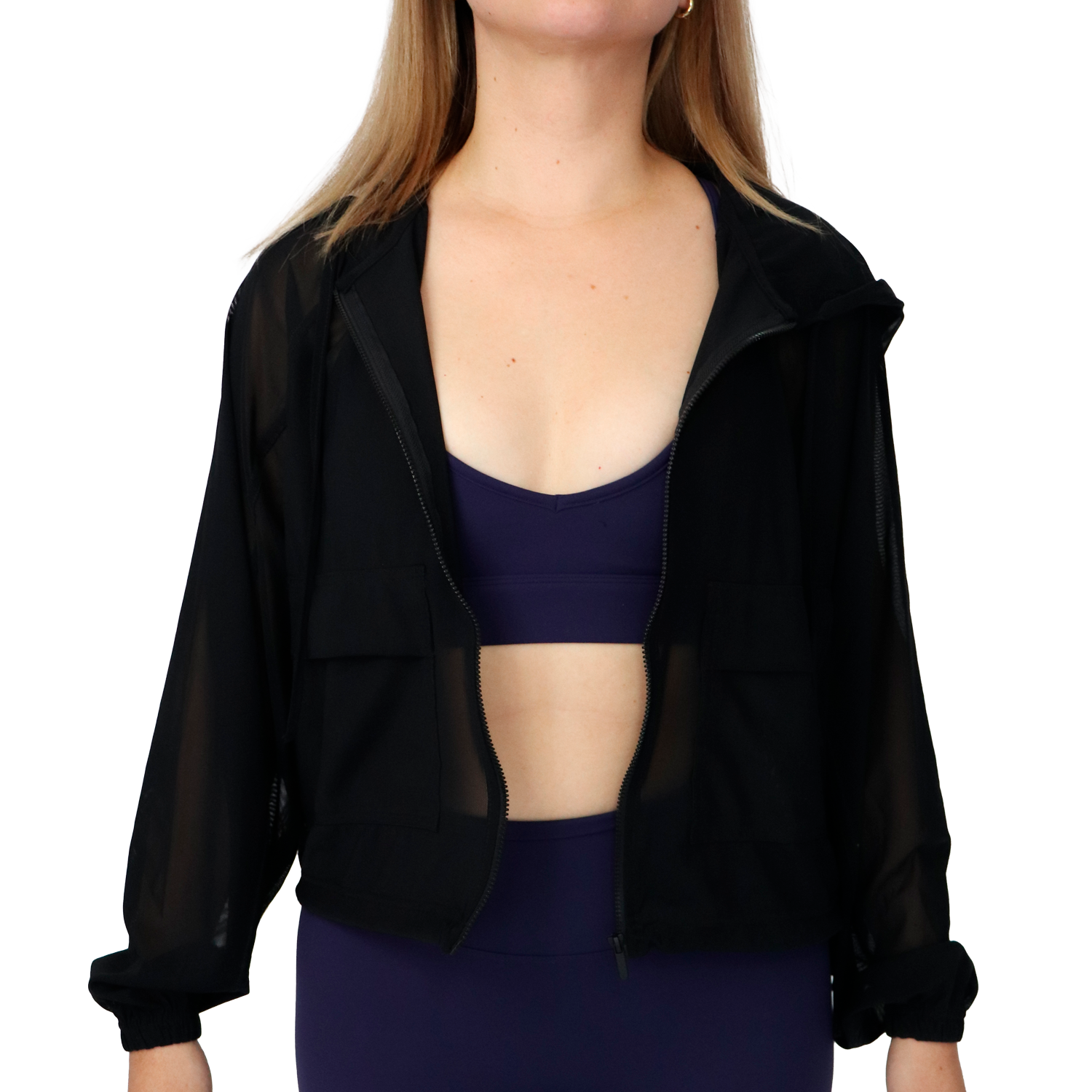 See Thru Black Jacket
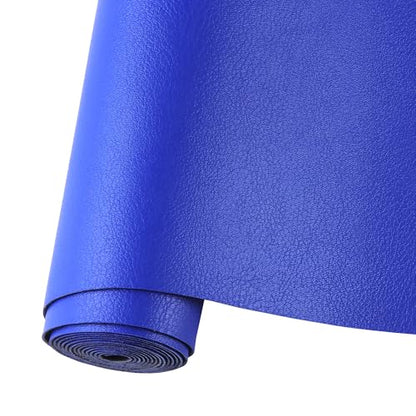 Leather and Imitation Leather,Vinyl Faux Leather Sheets - color: Royal Blue, size: 1 Yard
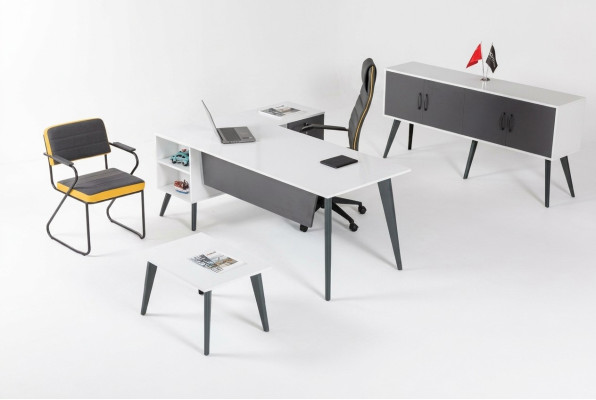 White corner desk office cabinet coffee tables office furniture furnishings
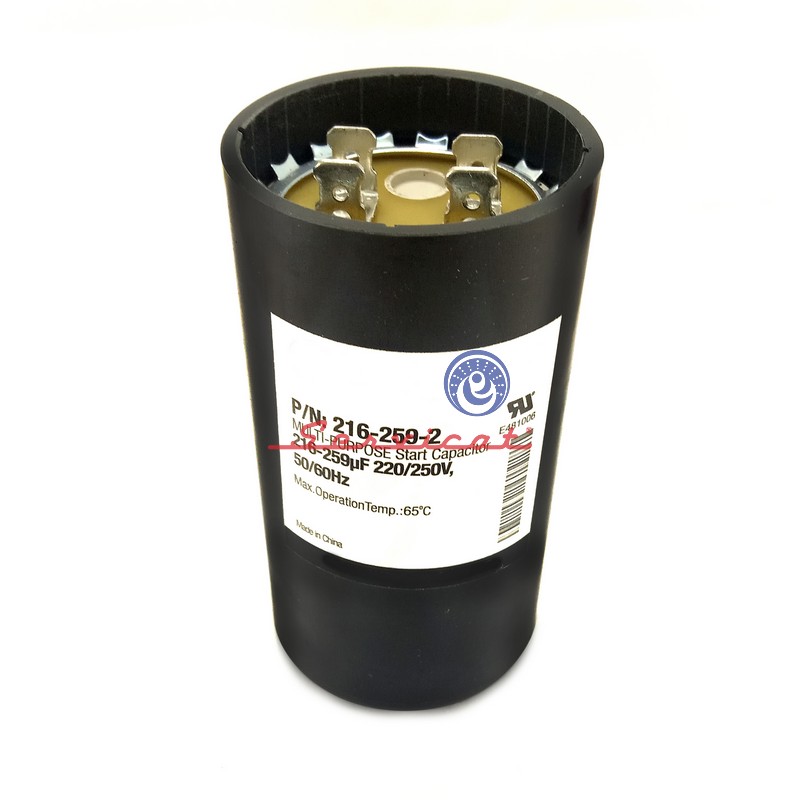 CAPACITOR DE ARRANQUE 216 - 259UF A 250VAC REFRIGERACIÓN COMERCIAL TODAS LAS MARCAS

Problem details ->
Extract, word for word, every line from the one containing "White corner desk" to the end of the data above, both ends included, and leave out the pictures.

Finished exercise ->
 White corner desk office cabinet coffee tables office furniture furnishings
 CAPACITOR DE ARRANQUE 216 - 259UF A 250VAC REFRIGERACIÓN COMERCIAL TODAS LAS MARCAS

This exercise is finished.